Einen Tag nach Bekanntgabe des Teams der designierten EU-Kommissionspräsidentin Ursula von der Leyen formiert sich im Europaparlament in Brüssel erheblicher Widerstand gegen einzelne Kommissarsanwärter. Besonders im Visier ist der frühere ungarische Justizminister László Trócsányi. Er soll EU-Erweiterungskommissar werden. Geht es allerdings nach SPD und Grünen, dann dürfte Trócsányi die jetzt anstehenden Anhörungen im Europaparlament kaum überstehen. Und auch bei den Konservativen, auf die es ankommt, bezweifeln dem Vernehmen nach viele Abgeordnete, dass der 63-jährige Ungar der richtige Mann für einen europäischen Job ist.
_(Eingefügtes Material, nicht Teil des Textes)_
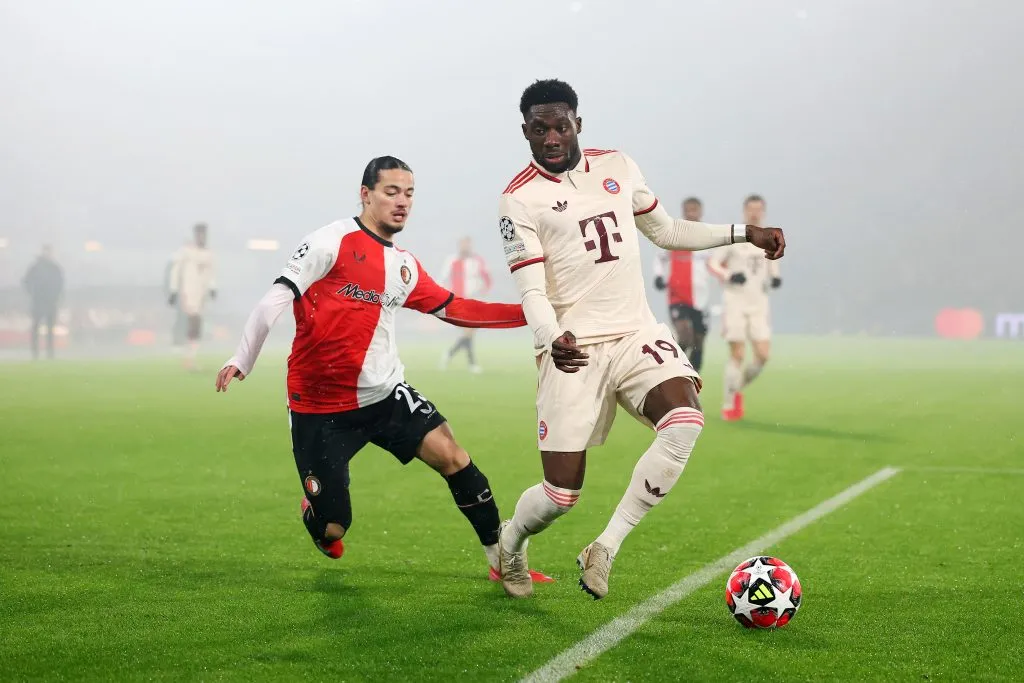 Davies ficará no Bayern e não jogará com Vinicius Júnior. (Photo by Dean Mouhtaropoulos/Getty Images)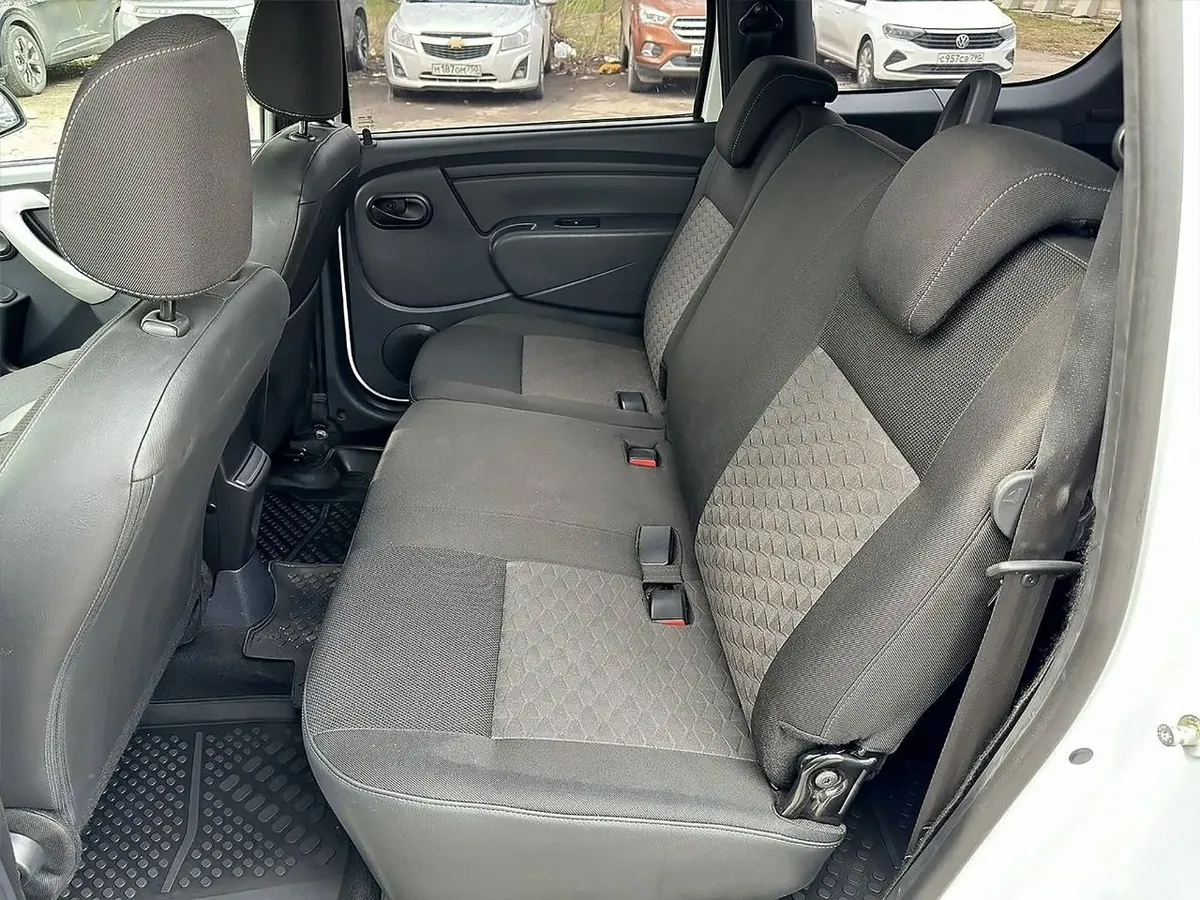 ВАЗ (Lada) Largus 1.6 MT (106 л.с.)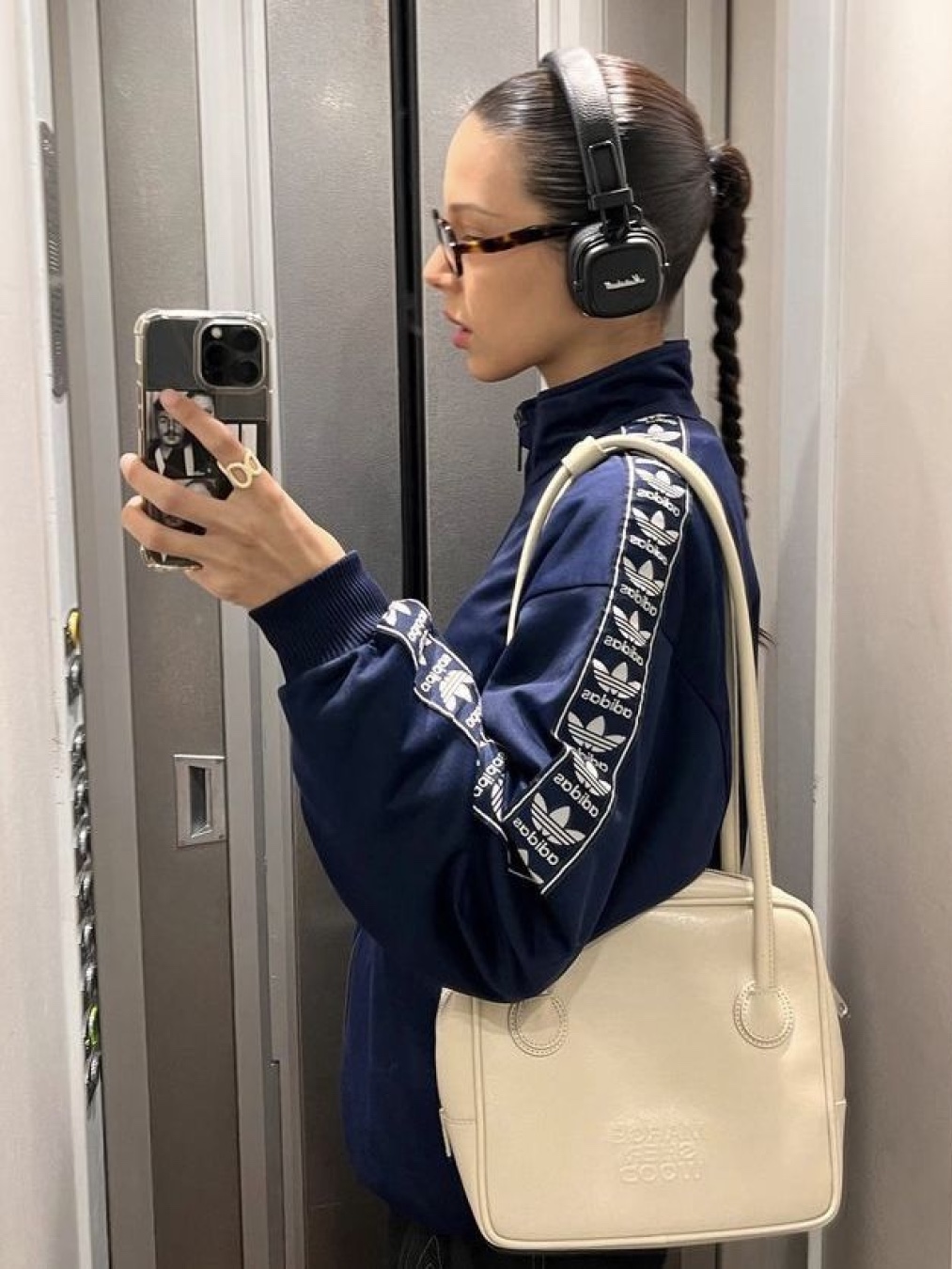 Beats Studio Pro Wireless Over Ear Headphone Black (Korean Ver.), Apple AirPods Max Lightning Silver (Korean Ver.) 착용 스타일 - 10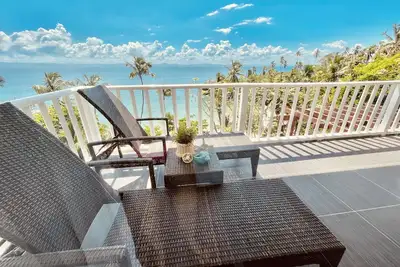 Image de Sublime Love beachfront apartment w private beach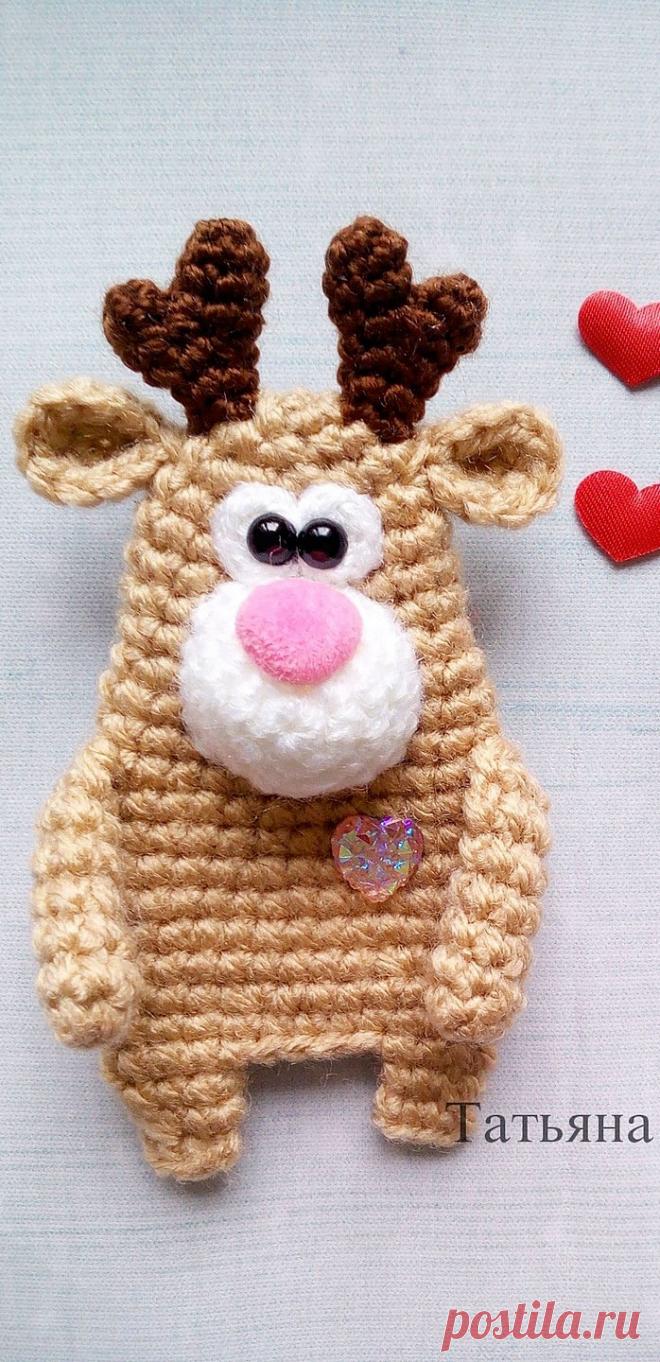 PDF Брошка Оленёнок крючком. FREE crochet pattern; Аmigurumi toy patterns. Амигуруми схемы и описания на русском. Вязаные игрушки и поделки своими руками #amimore - маленькая брошь в виде оленя, брошка, новогодний оленёнок, оленята к Новому году.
Als Justizminister ganz an der Seite Orbáns

László Trócsányi gilt als enger Vertrauer von Ungarns Ministerpräsident Viktor Orbán, der sich der Aufnahme von Flüchtlingen verweigert und mit Anti-Brüssel-Kampagnen von sich reden macht. Trócsányi war von 2014 bis Mai diesen Jahres Justizminister in Ungarn. In seiner Amtszeit schlug er Gesetze vor, mit denen Nichtregierungsorganisationen kriminalisiert werden sollten, die sich um Flüchtlinge kümmern. Er übte auch politischen Druck auf die Central European University des aus Ungarn stammenden US-Philantropen George Soros aus.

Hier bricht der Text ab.